The Fourth Industrial Revolution, commonly known as IR4.0, has ushered in profound transformations in the landscape of industrial operations and manufacturing. Digital technologies and data derived from sensors are driving a wide array of innovations, spanning from advanced analytics and machine learning to the realms of augmented and virtual reality models.
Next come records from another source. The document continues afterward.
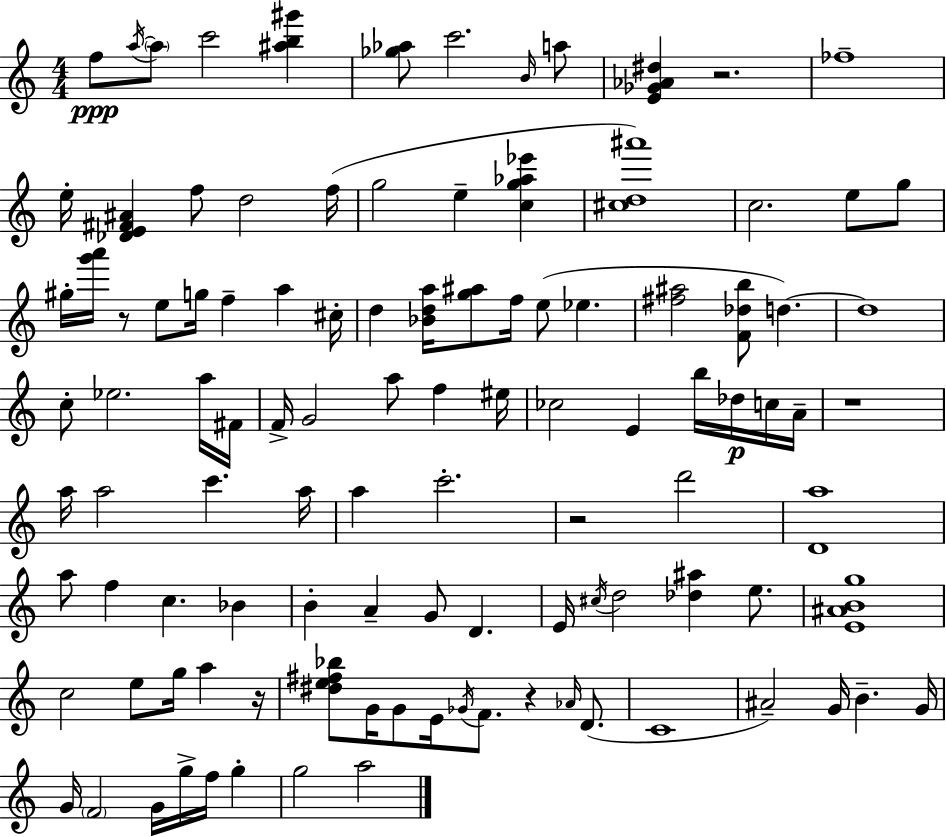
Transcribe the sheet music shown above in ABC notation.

X:1
T:Untitled
M:4/4
L:1/4
K:Am
f/2 a/4 a/2 c'2 [^ab^g'] [_g_a]/2 c'2 B/4 a/2 [E_G_A^d] z2 _f4 e/4 [_DE^F^A] f/2 d2 f/4 g2 e [cg_a_e'] [^cd^a']4 c2 e/2 g/2 ^g/4 [g'a']/4 z/2 e/2 g/4 f a ^c/4 d [_Bda]/4 [g^a]/2 f/4 e/2 _e [^f^a]2 [F_db]/2 d d4 c/2 _e2 a/4 ^F/4 F/4 G2 a/2 f ^e/4 _c2 E b/4 _d/4 c/4 A/4 z4 a/4 a2 c' a/4 a c'2 z2 d'2 [Da]4 a/2 f c _B B A G/2 D E/4 ^c/4 d2 [_d^a] e/2 [E^ABg]4 c2 e/2 g/4 a z/4 [^de^f_b]/2 G/4 G/2 E/4 _G/4 F/2 z _A/4 D/2 C4 ^A2 G/4 B G/4 G/4 F2 G/4 g/4 f/4 g g2 a2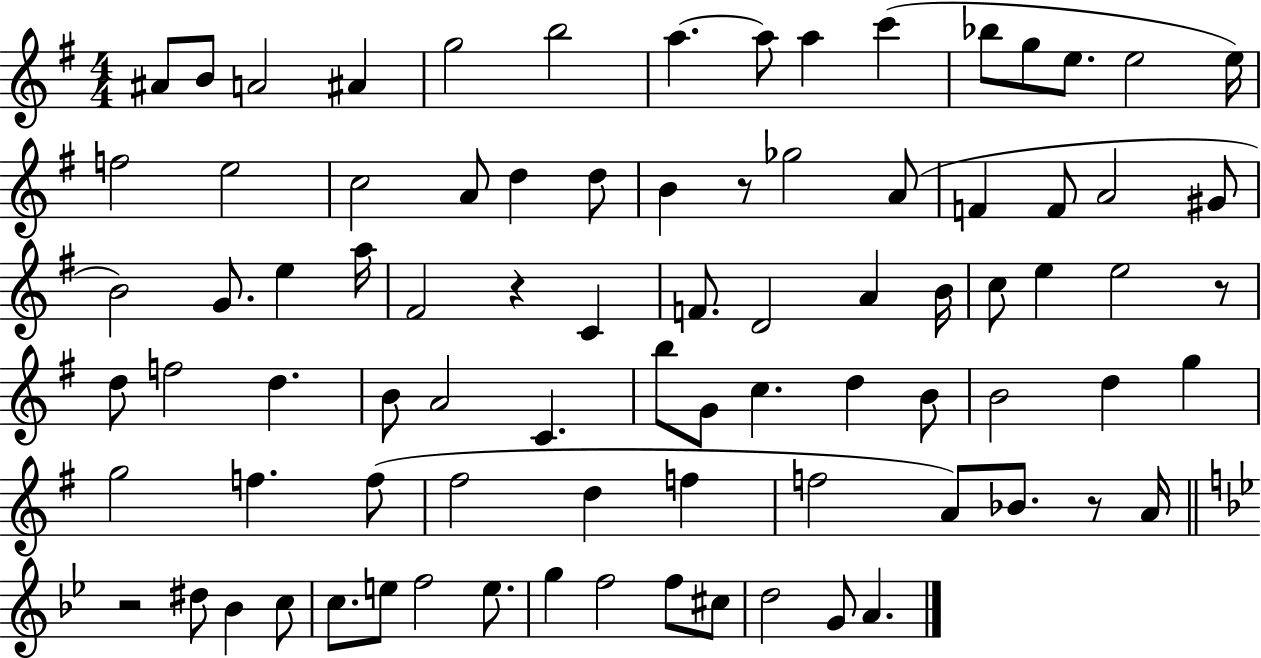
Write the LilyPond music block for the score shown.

{
  \clef treble
  \numericTimeSignature
  \time 4/4
  \key g \major
  ais'8 b'8 a'2 ais'4 | g''2 b''2 | a''4.~~ a''8 a''4 c'''4( | bes''8 g''8 e''8. e''2 e''16) | \break f''2 e''2 | c''2 a'8 d''4 d''8 | b'4 r8 ges''2 a'8( | f'4 f'8 a'2 gis'8 | \break b'2) g'8. e''4 a''16 | fis'2 r4 c'4 | f'8. d'2 a'4 b'16 | c''8 e''4 e''2 r8 | \break d''8 f''2 d''4. | b'8 a'2 c'4. | b''8 g'8 c''4. d''4 b'8 | b'2 d''4 g''4 | \break g''2 f''4. f''8( | fis''2 d''4 f''4 | f''2 a'8) bes'8. r8 a'16 | \bar "||" \break \key bes \major r2 dis''8 bes'4 c''8 | c''8. e''8 f''2 e''8. | g''4 f''2 f''8 cis''8 | d''2 g'8 a'4. | \break \bar "|."
}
Handling sensor-based data poses a unique challenge for conventional relational databases, which is why data historians were originally conceived in the latter part of the 1980s. They were specifically designed for integration with industrial automation systems like SCADA (supervisory control and data acquisition). Initially, their primary application was within the process manufacturing sector, encompassing industries such as oil and gas, chemicals, pharmaceuticals, pipelines, and refining.

This Historian system was developed as an ecosystem that provided a comprehensive solution, ranging from data interface software to data storage and data visualization. The industry 4.0 revolution has spurred automation in manufacturing, leveraging smart sensors and IoT devices to capture real-time data from the field. Furthermore, it has seen the increased utilization of Artificial Intelligence and Machine Learning for predictive analytics and decision support, both of which are data-hungry applications. So, with IR4.0 development what are the options available to cater requirements for real time data ingestion.

What Are the Alternatives?

Hyperscalers have become a central part of global IT infrastructure and essential to operations and they also started providing industrial connectivity options out of many in this article I am going to focus on Azure , OPC UA & Open source stack which provides you all the options of data ingestion from OPC UA source to your cloud database.



Microsoft OPC Publisher as Interface

OPC Publisher is a Microsoft-endorsed solution that acts as a vital link between industrial equipment and the Azure cloud infrastructure. Its core function involves linking OPC UA-enabled devices or industrial connectivity software to your Azure cloud environment, transmitting collected telemetry data to Azure IoT Hub in multiple formats, one of which is the standardized IEC62541 OPC UA PubSub format (from version 2.6 onwards).

OPC Publisher is versatile in its deployment options, running either as an Azure IoT Edge Module or a Docker container on various platforms, thanks to its compatibility with the .NET cross-platform runtime. Notably, it can seamlessly operate on both Linux and Windows 10 systems.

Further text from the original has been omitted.